Staff failed to follow written menus and individual meal tickets for several residents, including one with stroke and heart failure on a fluid‑restricted diet who received a biscuit instead of the ordered cornbread, another with a tracheostomy and diabetes on a mechanical advanced/chopped diet who was served an unchopped pork loin and a biscuit instead of the ordered dinner roll, and a resident with dysphagia and cerebral palsy who did not receive the cornbread portion listed on the meal ticket despite expressing a desire for more food to gain weight. The Dietary Manager reported that ordered bread items were unavailable due to missed food deliveries and that substitutions were not updated in the menu/meal ticket software.
Multiple residents did not receive beverages with their lunch meals as listed on menus, meal tickets, or physician orders. Cognitively intact and impaired residents with conditions such as dysphagia, cerebral palsy, malnutrition, stroke, renal failure, heart failure, tracheostomy, diabetes, and PVD were served full meals without the hot coffee, tea, milk, or measured fluid-restricted beverages specified for them. In some cases, a resident verbally requested the missing beverage from an LPN, who did not return with it, while CNAs relied on bedside water pitchers instead of following the meal ticket. The Dietary Manager reported that beverages had been removed from trays due to spills and sent separately, and also noted a software error listing milk at lunch, but was unaware that residents were not consistently receiving the required 8 oz and 6 oz beverages with meals.
Staff failed to post required enhanced barrier precaution (EHB) signage for a resident with a tracheostomy and feeding tube who had an active physician order for EHB every shift and documented cognitive impairment. During multiple days of surveyor observation, no EHB sign was present on the resident’s door or wall, even though EHB signs were posted for other residents throughout the facility. A CNA and an RN confirmed that residents with trachs, feeding tubes, PICC lines, or dialysis should be on EHB precautions and that staff had been in-serviced to follow posted signs for high-contact care activities. The RN acknowledged that the resident should have been on EHB precautions and attributed the missing signage to the resident’s recent room change, during which new signage was not put up.

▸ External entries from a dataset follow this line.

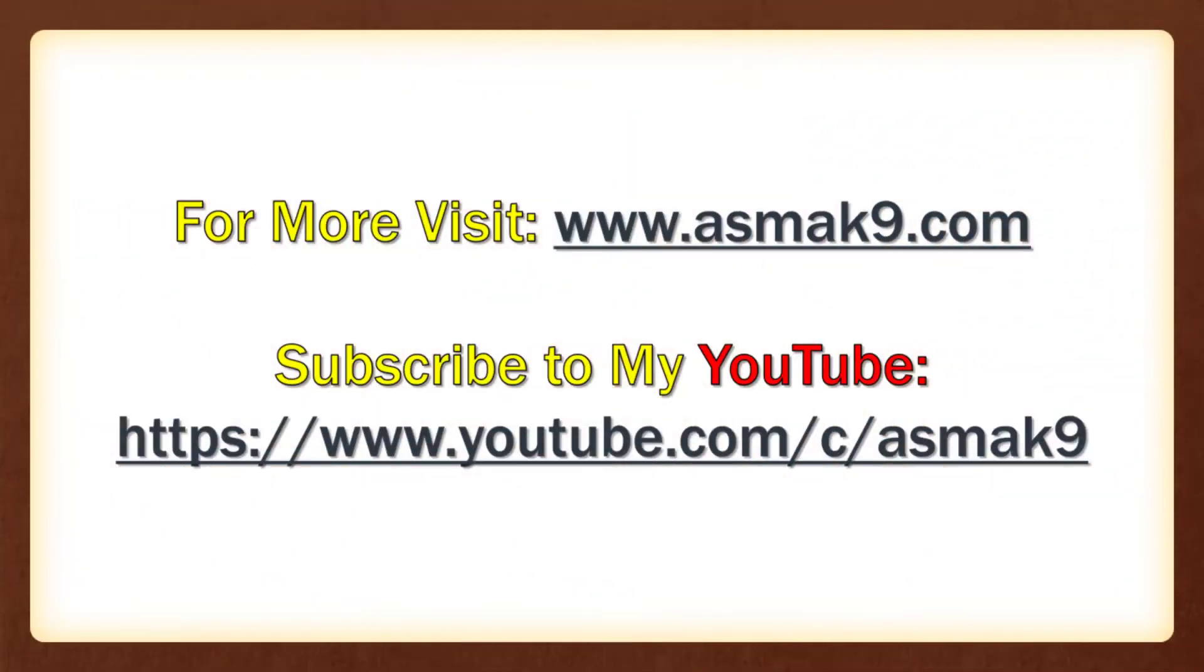Link to source code of this project is available in the description. Thank you for watching, take care, Allah Hafiz.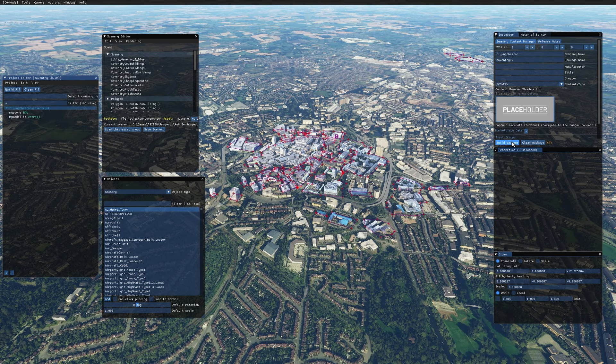We've got all our scenery saved. We could go to the Inspector and click Build Package to create a usable package, but we're not going to do that yet. Looking at the scenery, it really stands out from the default — it's a lot colder and more blue, so it doesn't blend in properly. We'll end this video here. In the next video we'll look at how to fix those colors using Photoshop. Thanks for watching, and I'll see you in the next one.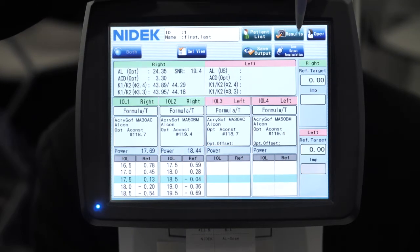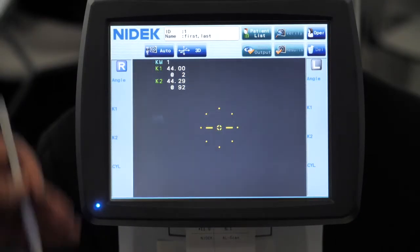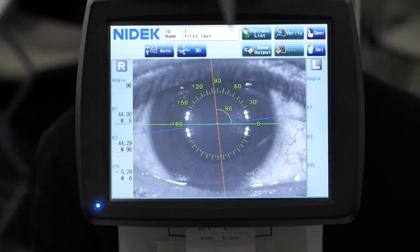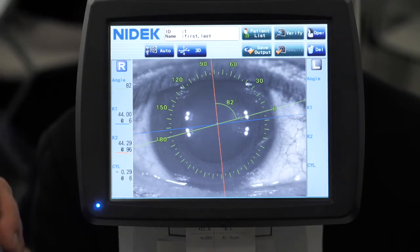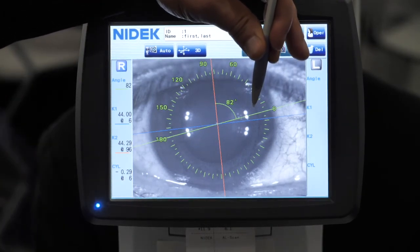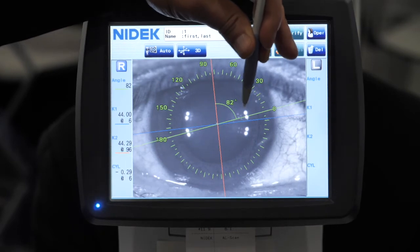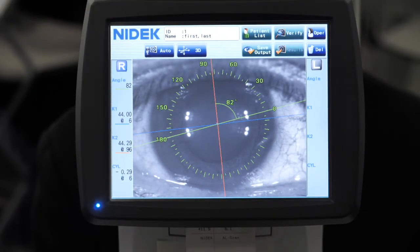The other nice feature that this device will give you is it has a toric assist function. So if I click on the toric assist, it's complete already. You can move this marker to an area on the patient's eye, say a bifurcation, and it's going to give you the degrees from that biomarker to the steep axis. As you can see here, it's 82 degrees. So the doctor can take this to the OR so they can properly place their toric IOLs.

Failure to Implement Care Plan for Midodrine Administration
Penalty
Summary
Facility staff failed to implement the comprehensive, person-centered care plan for one of six sampled residents, Resident #5, related to the administration of the medication Midodrine for hypotension associated with end stage renal disease (ESRD). The comprehensive care plan dated 11/3/2025 identified a focus of hypotension related to ESRD and included interventions to give medications as ordered and to monitor vital signs as ordered and as clinically indicated. Surveyors determined that staff did not follow the care-planned intervention to administer Midodrine per the physician’s orders. In an interview, LPN #4 stated that the care plan is intended to guide staff on how to care for residents and their individual needs. The facility’s written policy on comprehensive, person-centered care plans states that a comprehensive care plan with measurable objectives and timetables to meet residents’ physical, psychosocial, and functional needs is to be developed and implemented for each resident. Administrative staff, including the administrator, director of nursing, and regional director of operations, were informed of these findings during the survey, and no additional information was provided by the facility prior to survey exit.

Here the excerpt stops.